Category: Superhero

Capes, lasers, and emotionally distant billionaires.

  • The Fantastic Four: First Steps

    The Fantastic Four: First Steps

    This is Marvel’s 87th attempt to make the Fantastic Four work on screen, which is impressive if you consider that most people give up on a Rubik’s Cube after six minutes and one thrown coffee mug. But this time, it’s going to be different, allegedly because Marvel gave the project to a director who has both a “vision” and the ability to hold actors at gunpoint until they stop smirking during green screen takes.

    The Fantastic Four, in case you’re unfamiliar, are a group of scientists and one hothead who went to space and came back with the kind of mutations you normally only get from expired gas station sushi.
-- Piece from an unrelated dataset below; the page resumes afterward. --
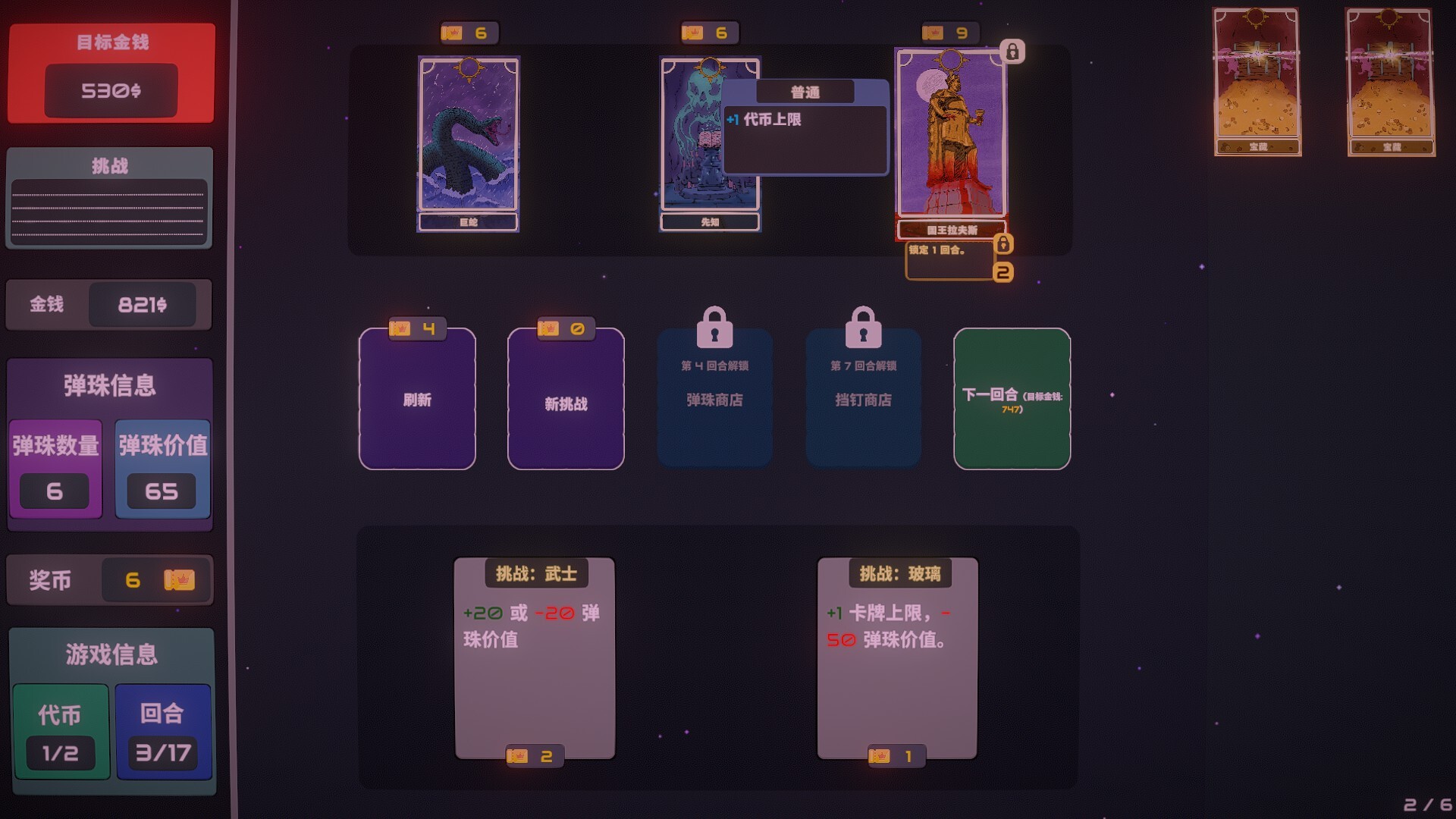 心跳弹珠台 Build.21736171（Plinbo Roguelike Plinko）免安装中文版 截图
They are:

    • Mr. Fantastic, a man who can stretch his body like taffy and somehow still thinks he should be in charge.
    • The Invisible Woman, who has the power to disappear and still gets talked over during team meetings.
    • The Human Torch, who flies around on fire and would absolutely commit insurance fraud for fun.
    • The Thing, who is made of rock, yells a lot, and looks like what would happen if a chicken nugget wished to be a linebacker.
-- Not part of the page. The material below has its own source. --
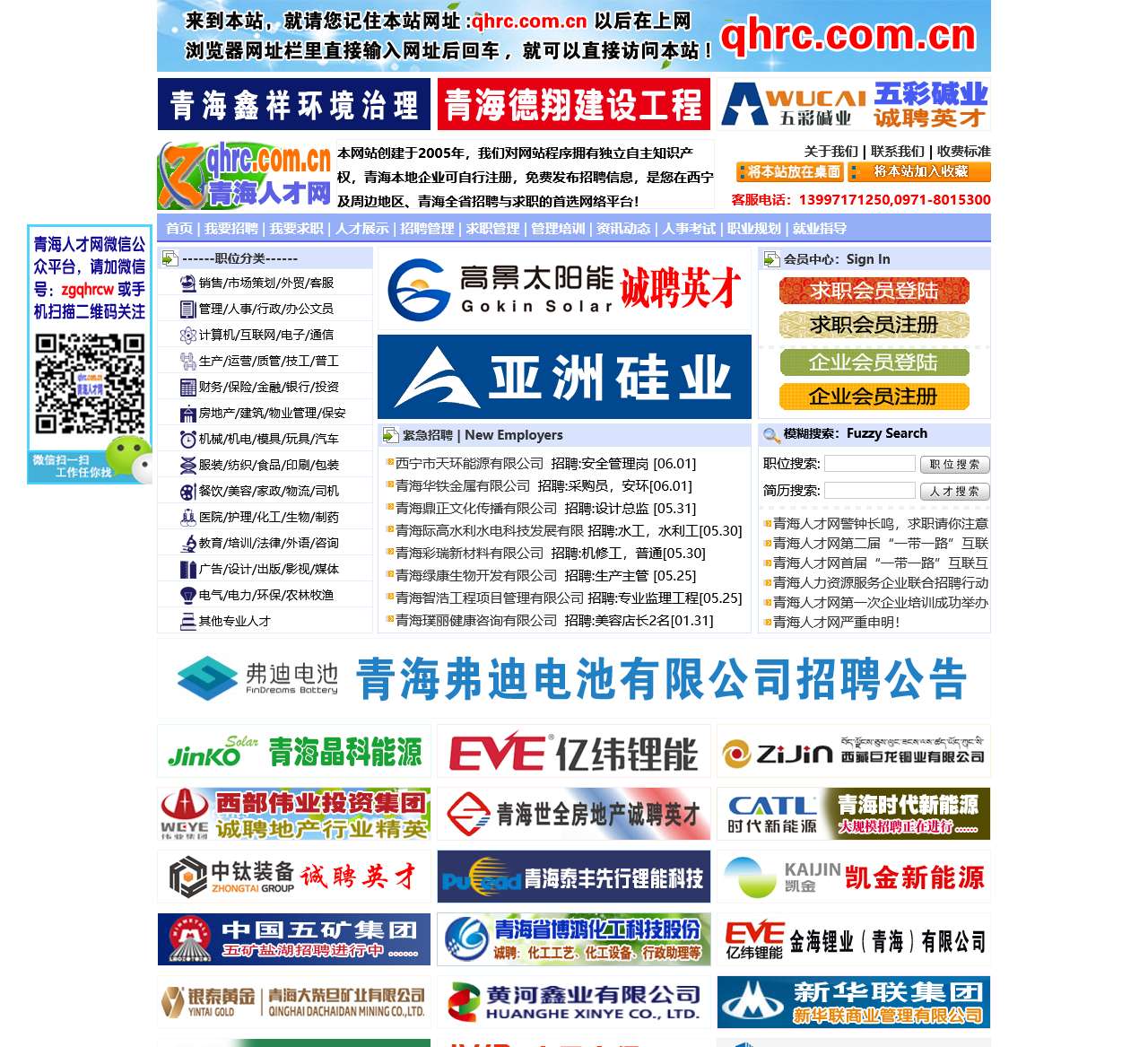 青海人才网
    The plot is likely something between family drama and apocalyptic science fair. There will be some kind of glowing portal that someone warns them not to go near, followed immediately by everyone going near it. Then chaos. Possibly a cloud. Possibly another dimension. Possibly a villain who speaks in vague metaphors about entropy.

    There will definitely be a scene where Mr. Fantastic stretches his arm across a room to press a button, and everyone acts like it’s normal. There will be at least one emotional conversation about “what it means to be a team,” possibly delivered while someone is literally on fire.

    Also, the trailer features a slow zoom-in on a cosmic event, a cryptic monologue about destiny, and a musical sting that implies someone just discovered either dark matter or that their ex is dating Dr. Doom.

    Speaking of which—Dr. Doom is probably the villain again, which is fair because he has “doom” right there in the name. He’s either a sorcerer, a dictator, or a very angry LinkedIn user. Possibly all three.

    To be clear, I’m rooting for this movie. I want it to work. I want to believe that four people with wildly different powers and clearly no HR department can unite to save the world without needing six spinoffs and a Disney+ series to explain how.

    But if history is any indication, this movie will either be amazing or a beautiful train wreck, like watching someone attempt a backflip during a wedding toast. Either way, I’m in.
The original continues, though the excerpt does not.